◆ About this task
For each entry below, please return its exact wording and leave out any picture.

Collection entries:
==============================

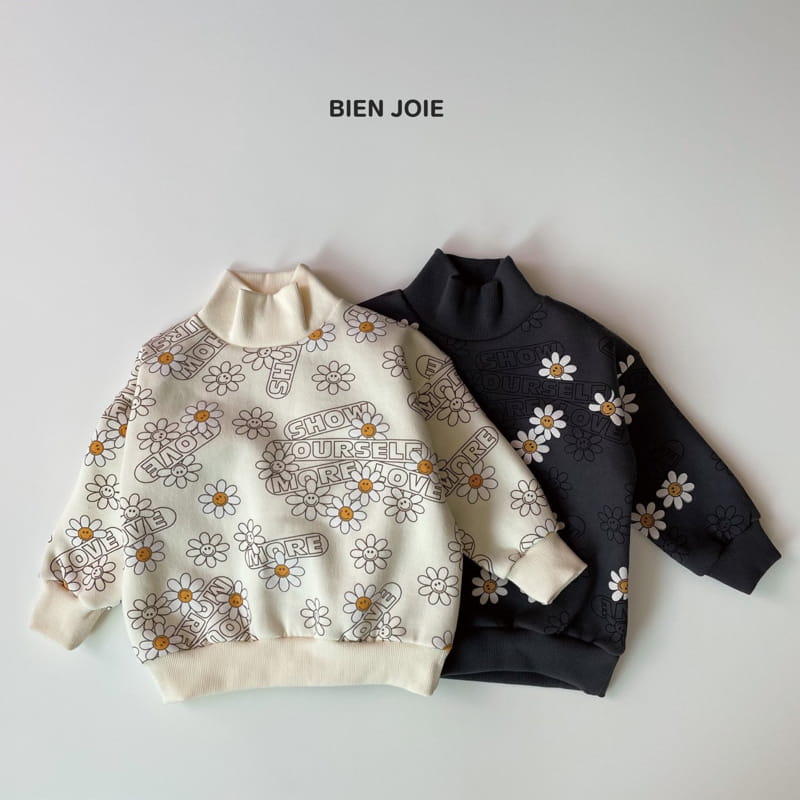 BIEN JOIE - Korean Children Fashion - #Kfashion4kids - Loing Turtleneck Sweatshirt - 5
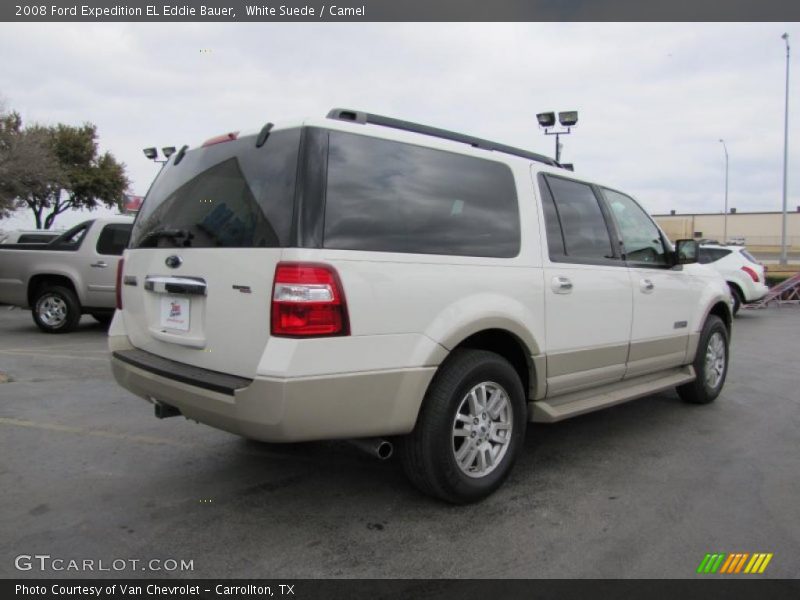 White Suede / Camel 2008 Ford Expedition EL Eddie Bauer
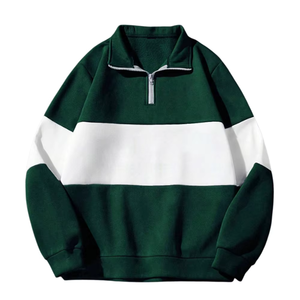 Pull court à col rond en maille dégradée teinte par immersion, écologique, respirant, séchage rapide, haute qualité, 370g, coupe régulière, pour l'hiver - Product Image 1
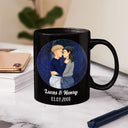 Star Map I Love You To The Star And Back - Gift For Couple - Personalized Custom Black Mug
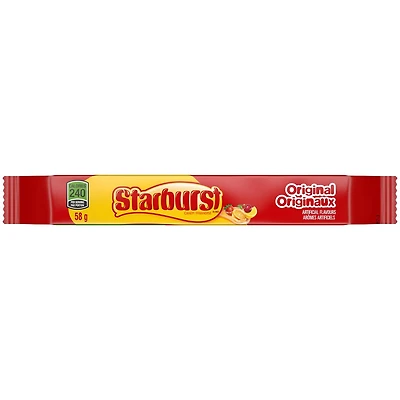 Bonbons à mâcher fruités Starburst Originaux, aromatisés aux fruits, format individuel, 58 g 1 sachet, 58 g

==============================

◆ Written answer
 BIEN JOIE - Korean Children Fashion - #Kfashion4kids - Loing Turtleneck Sweatshirt - 5
 White Suede / Camel 2008 Ford Expedition EL Eddie Bauer
 Pull court à col rond en maille dégradée teinte par immersion, écologique, respirant, séchage rapide, haute qualité, 370g, coupe régulière, pour l'hiver - Product Image 1
 Star Map I Love You To The Star And Back - Gift For Couple - Personalized Custom Black Mug
 Bonbons à mâcher fruités Starburst Originaux, aromatisés aux fruits, format individuel, 58 g 1 sachet, 58 g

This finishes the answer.